According to Ibn al-Jawzi's book entitled Mirat al Zamanwzi, Al-Daraqutni considered Ibn Qutayba to be one of the innovators whose beliefs leaned towards anthropomorphism attributing direction, shape and image to God. He also claimed that Ibn Qutayba showed enmity towards Ahl al-Bayt. Al-Daraqutni wrote a treatise against Muʿtazilite Amr ibn Ubayd on the subject of anthropomorphic narrations in relation to God's attributes and defending the ambiguous texts by providing evidence for its authenticity.

== Works ==
Several of al-Daraqutni's extant works have been published:

=== General hadith works ===

- al-Sunan, his primary hadith collection.
- Kitab al-du'afa wa-l-matrukin, an alphabetically ordered list of 632 hadith transmitters considered to be da'if or rejected.
- al-'Ilal al-warida fi al-ahadith
- al-Mukhtalif wa-l mu'talif fi asma al-rijal, a list of hadith transmitters who names are similar in spelling but differ in pronunciation.

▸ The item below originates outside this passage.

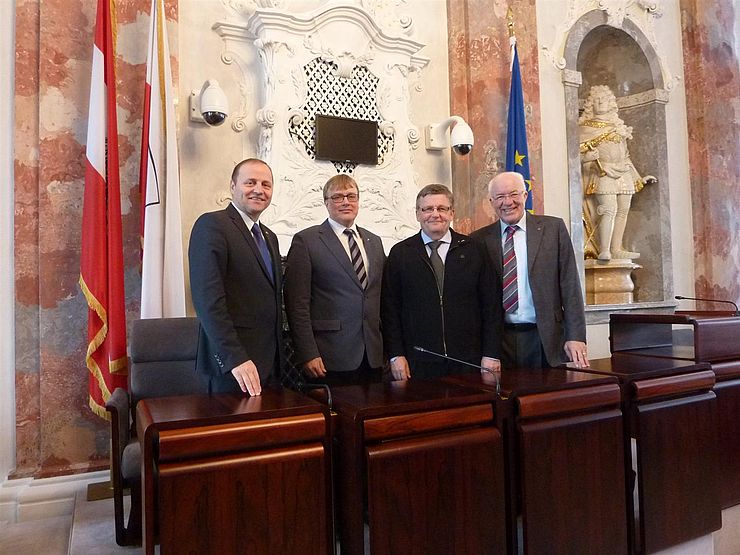 BU: v.l. LH-Stv Josef Geisler, Stadtamtsdirektor Sakari Trög, Bürgermeister Matti Ansala, LTP Herwig van Staa
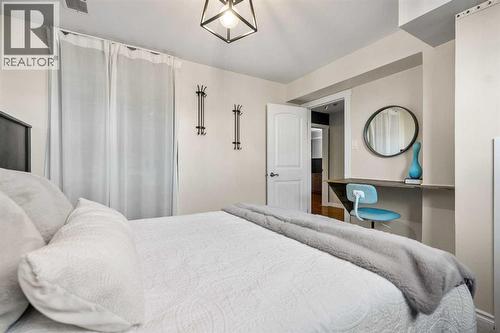 4636 Montana Drive Nw, Calgary, AB - Indoor Photo Showing Bedroom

=== Works on Sahih al-Bukhari and Sahih Muslim ===
Al-Daraqutni wrote a series of commentaries, addendums and analyses of narrations contained within Sahih al-Bukhari and Sahih Muslim.
- Dhikr asma' al-tabi'in wa-man ba'dahum mimman sahhat riwayatuhuu min al-thiqat 'ind Muhammad ibn Isma'il al-Bukhari
- Dhikr asma' al-tabi'in wa-man ba'dahum mimman sahhat riwayatuhu 'ind Muslim
- al-Ilzamat ala sahiay al-Bukhari, a compilation of 109 narrations whose chains of narration, according to al-Daraqutni, satisfy the requirements for inclusion in Sahih al-Bukhari and Sahih Muslim.
- Asma al-sahaba allati ittafaqa fiha al-Bukhari wa-Muslim wa-ma infarada bihi kull minhuma
- Kitab al-tatabbu
- Kitab fi dhikr riwayat al-sahihayn

==== Kitab al-tattabu ====
In his Kitab al-tatabbu, al-Daraqutni reviews 217 narrations within the two collections which he deems to be flawed using both isnad and matn criticism. Reasons given include the isnad not meeting the requirements for inclusion in the collections, and the commentary of the hadith's transmitters being inadvertently merged with its matn. Jonathan A. C. Brown cautions that the work is an adjustment to the two collections rather than an attack on their overall integrity.

=== Works on theology ===

- Kitāb as-sifāt, a collection of hadiths concerning the attributes of God.
- Kitab al-Ru'ya, a collection of hadiths concerning the vision of Allah on the Day of Judgement.
- Ahadith An-Nuzūl, a collection of hadiths concerning the descent (nuzūl) of Allah from the heavens.

=== Other ===

- Kitab al-qira'at, a work on the different recitations of the Quran.